Indeed, the poor simpleton found all this erudition to be entirely mind-boggling. Now and then she almost grasped what her magical friends were talking about, but then – Pfft! Understanding turned to fog.
“I’m going for a walk in the woods,” she said. Murzik slid down from his warm windowsill and followed her out the door.
“Don’t go far,” cautioned Sagacia. “It’ll be dark before long.”
Three hours later Sagacia sat on the steps of the Fairy Tale Lobby, wringing her hands with worry. All the magical friends had gone home. A half moon cast the landscape in blue and gray. Simplia was not back from her walk.
Sagacia fretted, “She gets turned around so easily. What if she’s lost her way?”
She peered up and down the forest path.
“And Murzik. Vasilisa gave us express instructions to take care of him.”
A moonbeam sparked a reflection at Sagacia’s feet. She looked down and there was the cat – gazing up at her, eyes aglow in the dim light. As soon as she noticed him, he made for the front door, behind which he was accustomed to finding a saucer full of milk.
Sagacia followed him indoors reluctantly, with the intention of feeding him and returning immediately to her lookout on the front steps.
There sat Simplia! On a three-legged stool in front of the hearth, rocking back and forth, staring into the embers. She started out of her reverie, regarded her friend with a quizzical expression, and said, “Where’ve you been? It’s dark.”
“Where have you been?” demanded Sagacia. “I told you not to go far!”
“I didn’t. I don’t think. ‘Cause, see, I’m already home. Oh, and here. I found these. Somewhere.”
She reached into her apron pocket and withdrew a scrap of parchment and a large Post-it note, both addressed to Curious in Caracas.

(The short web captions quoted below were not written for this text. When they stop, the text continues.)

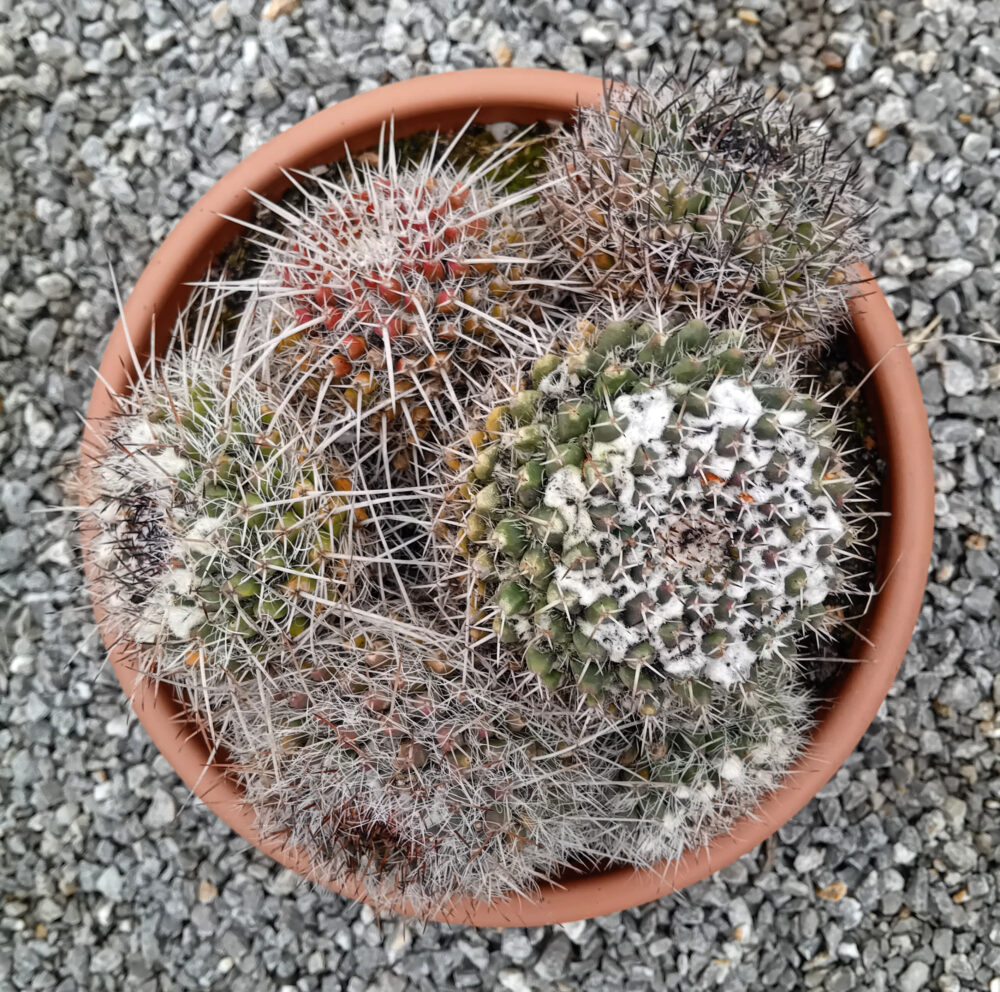 Mammillaria compressa - Imagen 2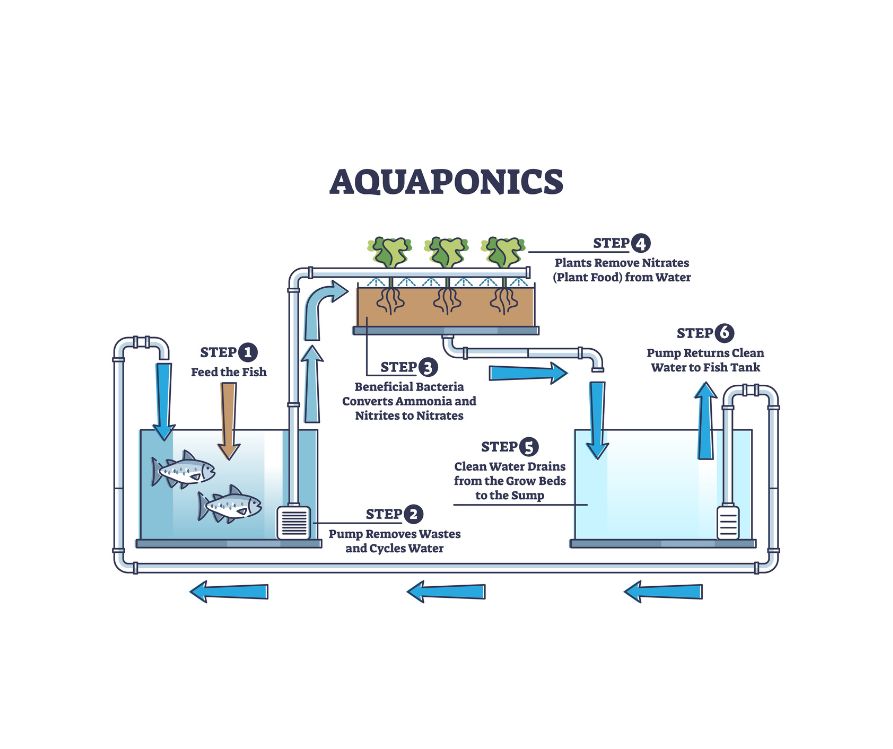 Aquaponics food production with plants and fish diagram. Environmental and nature friendly gardening and agriculture model vector illustration. 
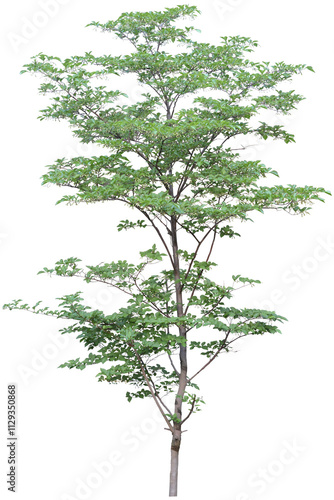 tree isolated on white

The two friends brought the papers nearer the dying fire and read:
Dear Curious – Have you ever been on your way somewhere, walking through the woods or even driving down the highway, and suddenly realized you’d been moving on “autopilot” for a while without being conscious of your surroundings? Of course you have, but have you ever thought to go back and deliberately *look* at the territory you’ve just moved through? Ah, but I wouldn’t recommend that, for that momentary quality of not-really-being-there hides the passages through to another realm — the realm of Faerie, the realm where fairies dwell; where nixies and pixies dart about their business and trolls stand guard beneath the bridges; where piglets build houses, wolves masquerade as grandmothers, and sisters knit sweaters out of nettles to save their swan-turned brothers; where magic is all too real and all too likely to be more dangerous than helpful in the end … in short, the realm where Faerie tales happen every day. Even as the word “faerie” changed over time to “fairy”, so did the name of the realm, and lost its capital in the process. And that, Oh Teller of Tales, is why “fairy tales” often have no fairies in them.–jjmarkin
Sagacia gave her friend a searching look. “Does this describe your walk in the woods, today?”
Simplia nodded. “What I remember of it. I guess just because you don’t see them doesn’t mean they’re not there … in the woods, in stories, in the shadows…”
Sagacia unfolded the parchment.
“Oh good!” she said. “It’s from Vasilisa herself.”
These tales of mine and others are named for the land they come from: the land of Faerie. And, you are right; the stories seldom have actual Fairies in them, but there are other clues as to their origins.
If a tale begins “Once upon a time…,” you can be sure it is set in this magical place! Like our world, Faerie contains great forests and humble cottages, long journeys and loyal horses, relentless adverse forces and random acts of kindness, honest tradesmen and queens, and evil–by some other name. Look for shifts in the laws of nature such as frogs who aren’t frogs at all but enchanted Tsarevnas, birds who repay small kindnesses tenfold, or straw that can be spun into gold. In the land of Faerie, people who are wicked are outed and punished severely, a person with courage can negotiate with nature, and folks who are kind and persevering gain their heart’s desire and live “happily ever after.”
Hearing old stories from Faerie, or Fairyland, gives people in Caracas and Moscow and Honolulu hope that they can achieve personal happiness and fulfillment, too. Fairy Tales illustrate a truth that is common to both our worlds: personal fulfillment is attained by calling on your best self to act with persistence, kindness and courage.–Vasilisa
As soon as they finished reading Vasilisa’s reply to Curious in Caracas, Sagacia took the two new letters and included them in the unsealed envelope full of all the other responses.
“Well, that’s settled,” said Simplia with a sigh of satisfaction. “You know, I think I almost sorta really kinda get it now. My brain feels just fine. We should post this packet … post haste! Curious in Caracas has been waiting almost a whole month.”